A team of eminent scholars was called in London to take a final call on the expulsion of word ‘hope’ from oxford dictionary. This word had become redundant for so many months now and carrying it just for the sake of an academic purpose was useless.

In some different part of the world, another very important meeting was held where chiefs of all nations brainstormed for taking measures to increase the happiness quotient of the world which was threatening to become negative. Most of the psychologists believed that current level of 0.19 out of 100 is so alarming that if nothing is done in next few days, the whole world will sink in depression.

The lifelessness was so widespread at all hierarchical levels of organic species that even plants have rejected photosynthesis. All 300MM of species including 7 billion population of the human race was prepared for slow and peaceful death. Some of the distinguished astrologers had predicted that prevention of the apocalypse can only be possible from where it all started.

In May 2014, precisely on 16th May 2014, a Psychopath (with correct spelling) won a massive verdict by hypnotizing 1.2 billion human populations with his black magic and became Prime Minister of India. In holy books of liberals, it has mentioned that this man had acquired all his black magic by slaughtering more than 10,000 peace-loving people by his own hands. As expected, as soon as assuming power all of his followers started exploiting the greatest peace-loving community in the world. The intolerance and animosity were in such a rise that one of the safest men of the land thought of moving out from here. But where to go? This great satan had travelled the length and breadth of an entire world and intimidated all world leaders to work for him.

As for every ‘Kans’ there is a ‘Krishna’ and for every ‘Ravan’ there is a ‘Ram’. Will there be anyone for this Satan. Someone has to be there, someone within ourselves; someone from his very own land, Nature can’t leave him like this.

And suddenly there was an oracle from the sky, “I am ready to become the Prime Minister of India. All parties should plan and elect me as their leader. It will not only help India to progress but will send the positive signal across the world” The great saint is ready to sacrifice his ordinary life to become the Prime Minister of India for showcasing to world the true path. Will his positivity strong enough to rescue the entire planet from the shadow of negativity? Let us look at the man’s credentials and assure yourself:

1.The eternal man who never died: He was alive when Shah Jahan built Taj Mahal for the remembrance of his love. He lived all through years to ratify the fact Taj Mahal is a mausoleum which should come under the ambit of Sunni central waqf board.

2.The diplomat who can end Indo-Pak conflict within seconds: Kashmir is not a part of India, he declared long back in 2010. Such a simple solution. Magical, isn’t it? How much wonders he will do if he becomes the Prime Minister of India.

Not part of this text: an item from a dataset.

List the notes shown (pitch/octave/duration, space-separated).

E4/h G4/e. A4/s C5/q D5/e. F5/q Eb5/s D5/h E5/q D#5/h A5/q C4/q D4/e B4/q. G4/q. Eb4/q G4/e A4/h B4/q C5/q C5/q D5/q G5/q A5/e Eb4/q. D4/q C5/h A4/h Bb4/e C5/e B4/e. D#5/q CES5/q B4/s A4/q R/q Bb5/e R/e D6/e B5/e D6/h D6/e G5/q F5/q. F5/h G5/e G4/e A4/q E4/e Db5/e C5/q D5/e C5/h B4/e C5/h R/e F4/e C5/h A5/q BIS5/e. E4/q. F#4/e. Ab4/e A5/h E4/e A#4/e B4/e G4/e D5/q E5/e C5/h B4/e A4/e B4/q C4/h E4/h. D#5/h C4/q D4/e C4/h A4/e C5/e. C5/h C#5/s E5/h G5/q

3.The beloved of all: Such a humble man he is. Even Taliban and Dawood are fond of him and they respectfully offer him a part yearly which he generously donates for the Birthday bash of his mate. After he becomes Prime Minister of India, why to scare of Dawood ?

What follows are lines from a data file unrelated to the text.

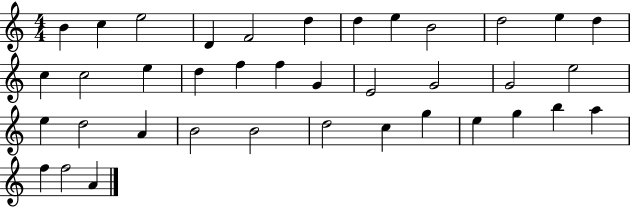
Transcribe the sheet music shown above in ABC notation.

X:1
T:Untitled
M:4/4
L:1/4
K:C
B c e2 D F2 d d e B2 d2 e d c c2 e d f f G E2 G2 G2 e2 e d2 A B2 B2 d2 c g e g b a f f2 A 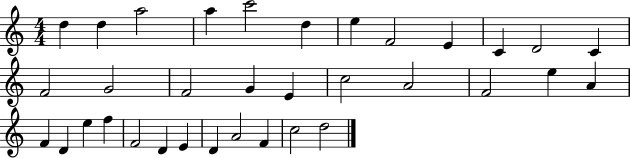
{
  \clef treble
  \numericTimeSignature
  \time 4/4
  \key c \major
  d''4 d''4 a''2 | a''4 c'''2 d''4 | e''4 f'2 e'4 | c'4 d'2 c'4 | \break f'2 g'2 | f'2 g'4 e'4 | c''2 a'2 | f'2 e''4 a'4 | \break f'4 d'4 e''4 f''4 | f'2 d'4 e'4 | d'4 a'2 f'4 | c''2 d''2 | \break \bar "|."
} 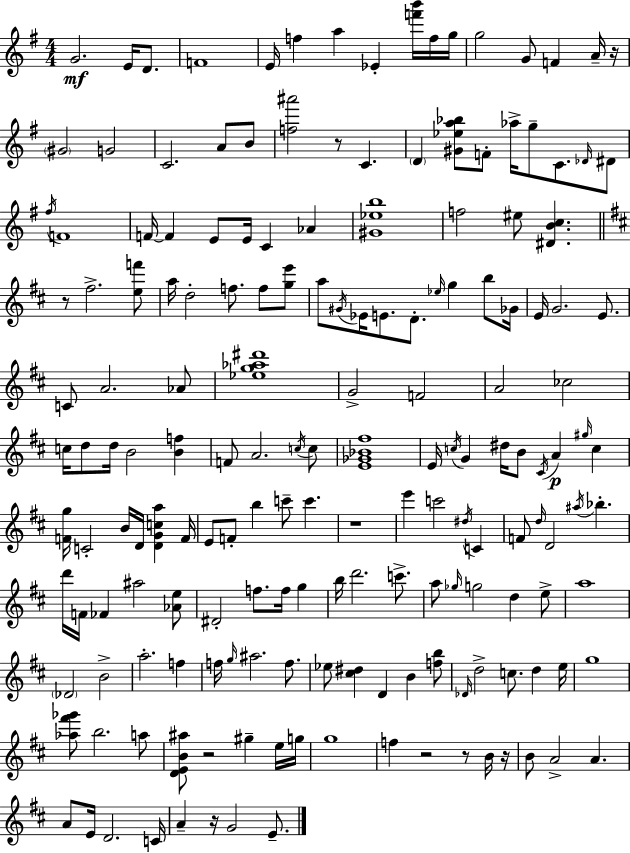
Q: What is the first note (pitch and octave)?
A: G4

4.The ombudsman of social network: As the miscreants at social sites rising day by day, he voluntarily keeps a check on all social happenings. A number of people have been caught, prosecuted and sent to jail all by him. He is an institution of judiciary.

The whole world is on celebration mode since the man himself has made the announcement. But where is the man? Could no one find him? Has he gone for meditation to gain the extra power but no, it’s contradictory, there is no power left in this world which the man doesn’t possess. Has he gone in heaven to meet his colleagues and discuss road map of recovering the world? Oh wait, I can’t believe my eyes, the man is in front of me. He is addressing a huge gathering. The audience is listening to him mesmerizingly. He is singing a song:

तन्हाई में ना घबराइयो
मिलने एक लम्हे तू अइयो
उस लम्हे में ठहर सा जइयो

There is a pin drop silence in the audience. I have never seen buffalos being so quiet. That is the aura of our man. He kept on singing:

यहीं हूँ मैं
यहीं हूँ मैं
कहीं ना गया तुझे छोड़ के मैं !!

P.S : Dear judges of India,

This article has nothing to do with Azam Khan and his spout of being the fittest person to become the Prime Minister of India and any defamation suit against the author by Azam Khan should not be entertained.